*** INPUT DATA ***
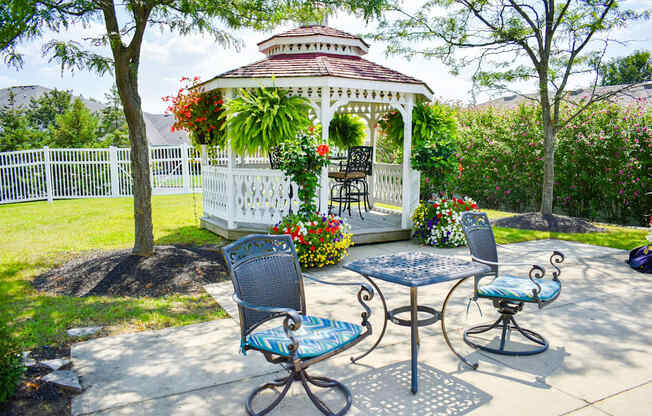 gazebo at albany commons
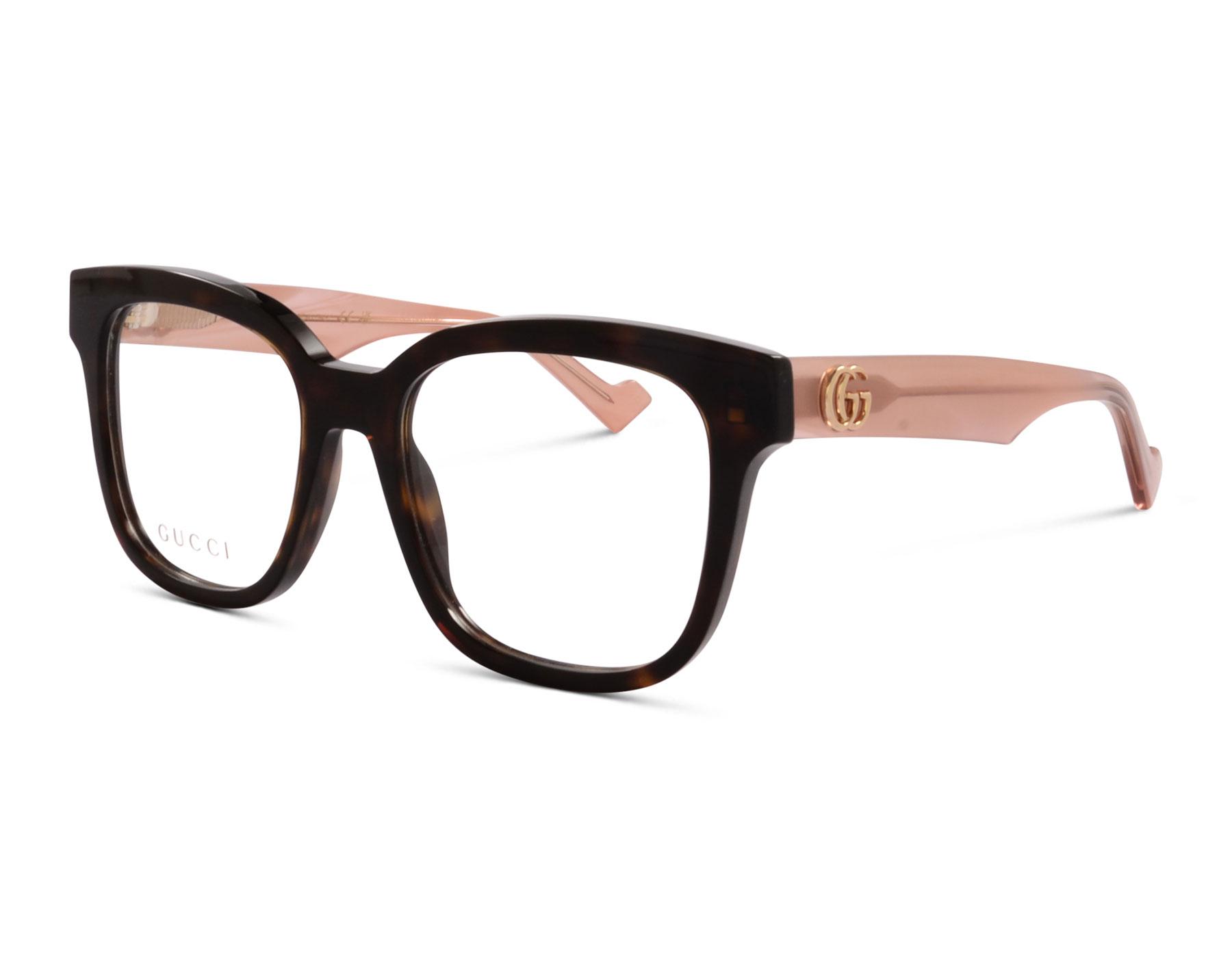 Gucci GG0958O 014 52 Havanna/Rosa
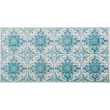 Csempe falpanel (blue square)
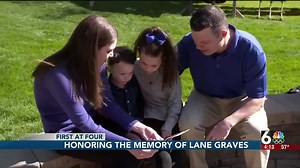 Family of Lane Graves help others turn grief into hope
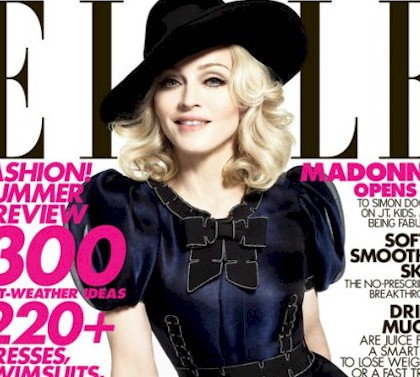 Madonna, Elle, Magazine,VIDEO, Elle, Magazine, Photos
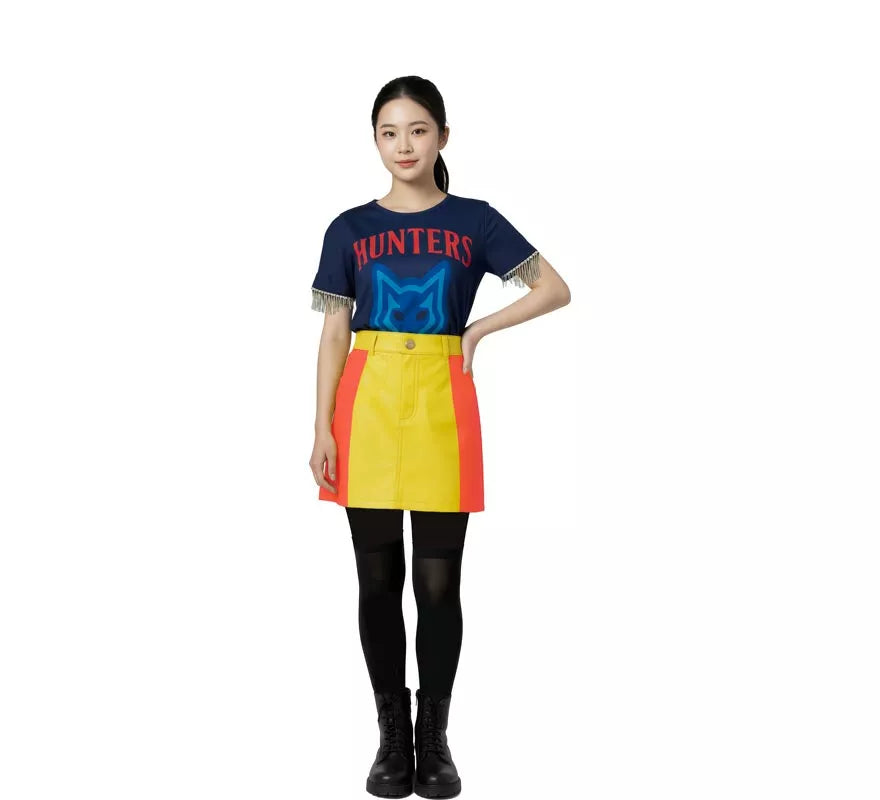 Translation missing: fr.Disfraz de Cantante K-Pop music para adolescente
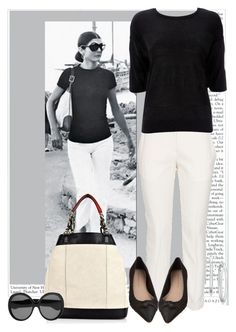 Jackie O Style, Jackie O, Looks Black, 가을 패션, White Pants, Chic Outfits, Casual Chic, Stylish Outfits, Style Me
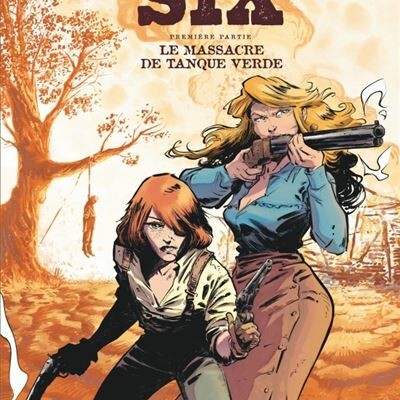 Six, le western des gens à part ! Dans ma bulle #261 cover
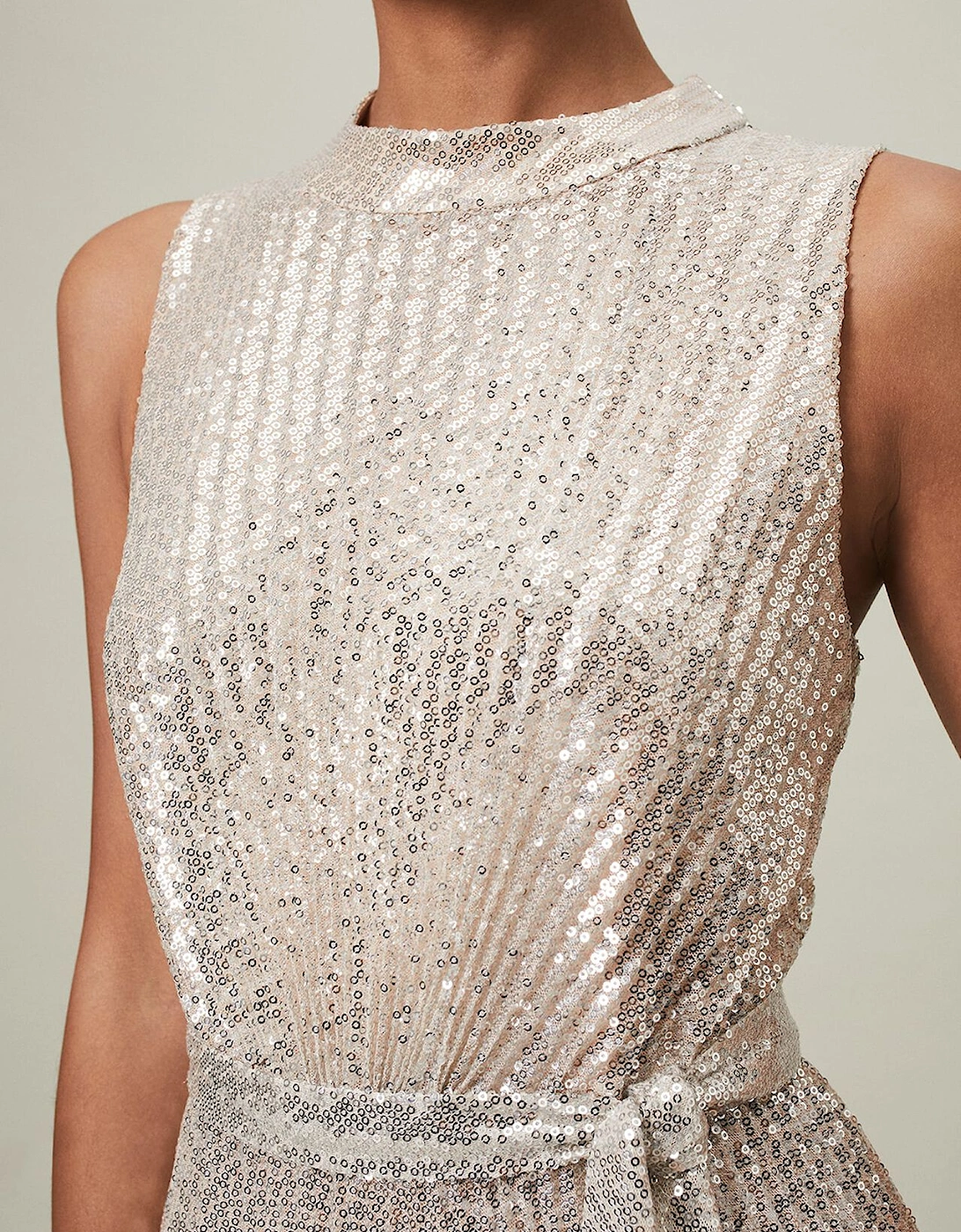 Simara Sequin Maxi Dress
*** End of INPUT DATA ***
* _REQUIRED ACTION_
Take only the lines above from the one that has "Madonna, Elle, Magazine,VIDEO, Elle, Magazine, Photos" through the one that has "Jackie O Style, Jackie" and reproduce them exactly, omitting any pictures.

* _OUTPUT FOR THIS EXERCISE_
 Madonna, Elle, Magazine,VIDEO, Elle, Magazine, Photos
 Translation missing: fr.Disfraz de Cantante K-Pop music para adolescente
 Jackie O Style, Jackie O, Looks Black, 가을 패션, White Pants, Chic Outfits, Casual Chic, Stylish Outfits, Style Me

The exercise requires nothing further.